We will create a local dense vector for our KDD dataset.


In [ ]:
raw.take(1)

In [ ]:
import numpy as np

def parse_kdd(line):
    split = line.split(",")
    # we will keep just numeric and logical values
    # discard any string values
    symbolic_indexes = [1,2,3,41]
    clean_split = [item for i,item in enumerate(split) if i not in symbolic_indexes]
    return np.array([float(x) for x in clean_split])

vector_data = raw.map(parse_kdd)

In [ ]:
from pyspark.mllib.stat import Statistics 
from math import sqrt 

# Compute column summary statistics.
summary = Statistics.colStats(vector_data)

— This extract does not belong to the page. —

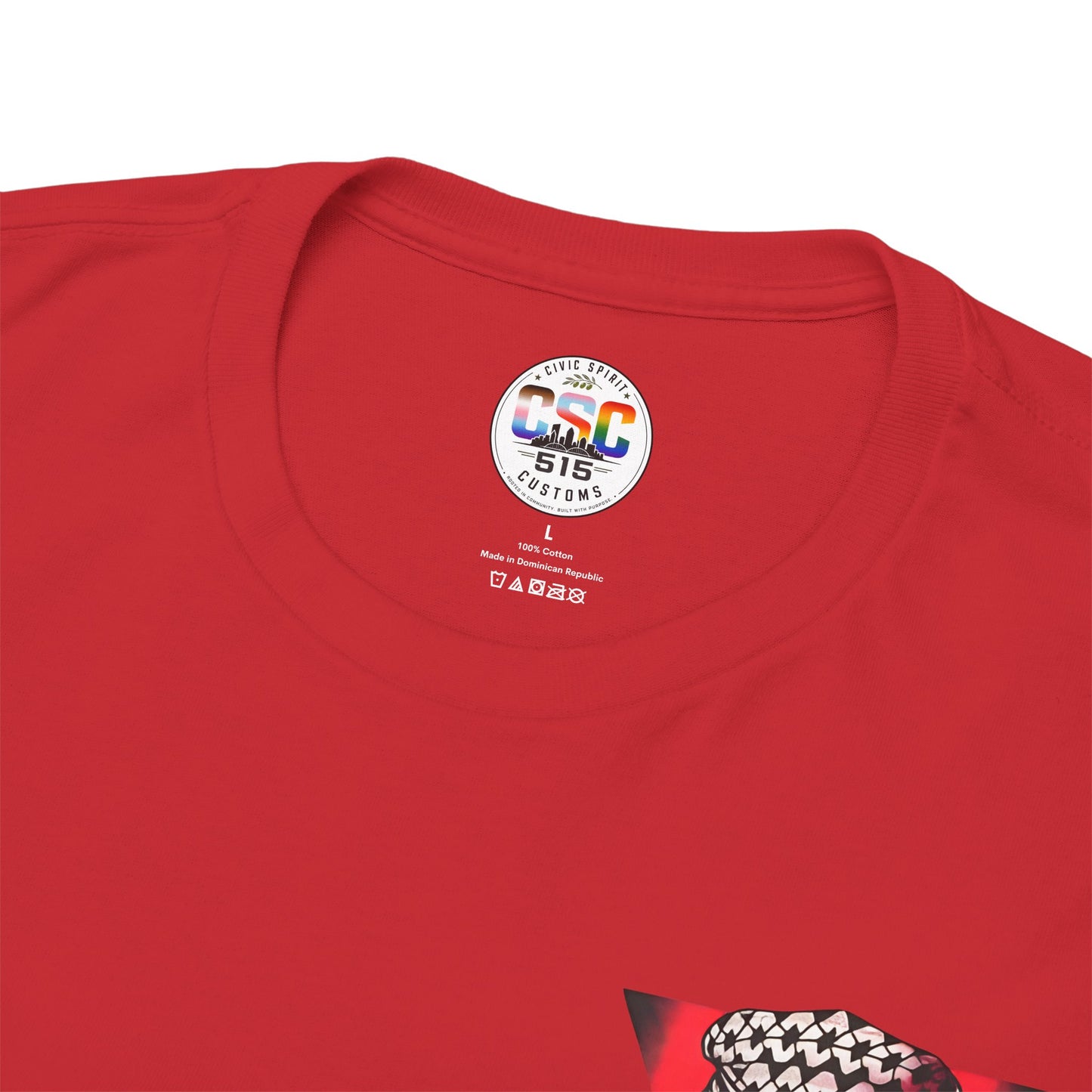 Graphic Tee — "Israel Kills a Child Every 30 Mins" Statement T-Shirt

print "Duration Statistics:"
print " Mean: {}".format(round(summary.mean()[0],3))
print " St. deviation: {}".format(round(sqrt(summary.variance()[0]),3))
print " Max value: {}".format(round(summary.max()[0],3))
print " Min value: {}".format(round(summary.min()[0],3))
print " Total value count: {}".format(summary.count())
print " Number of non-zero values: {}".format(summary.numNonzeros()[0])

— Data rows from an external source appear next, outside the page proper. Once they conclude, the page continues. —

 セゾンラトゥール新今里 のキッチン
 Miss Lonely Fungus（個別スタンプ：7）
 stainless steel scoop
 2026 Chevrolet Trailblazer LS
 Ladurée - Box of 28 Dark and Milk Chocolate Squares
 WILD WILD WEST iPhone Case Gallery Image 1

We are interested in preparing a classification system for attack/no attack or different attack types. This requires us to use label along with summary statistics and analyse data properly.


In [ ]:
# Create a function to return a tuple with label as its zeroth index 
# and corresponding summary statistic as its first index. 
def parse_kdd_label(line):
    split = line.split(",")
    # we will keep just numeric and logical values
    # discard any string values

In [ ]:
def summary_by_label(raw_data, label):
    label_vector_data = raw_data.map(parse_kdd_label).filter(lambda x: x[0]==label)
    return Statistics.colStats(label_vector_data.values())

In [ ]:
label_list = ["back.","buffer_overflow.","ftp_write.","guess_passwd.",
              "imap.","ipsweep.","land.","loadmodule.","multihop.",
              "neptune.","nmap.","normal.","perl.","phf.","pod.","portsweep.",
              "rootkit.","satan.","smurf.","spy.","teardrop.","warezclient.",
              "warezmaster."]

In [ ]:
label_summary_dict = {}
# Create a dictionary of key = label_list elements, value = corresponding summary statistics

In [ ]:
print label_summary_dict['smurf.']

In [ ]: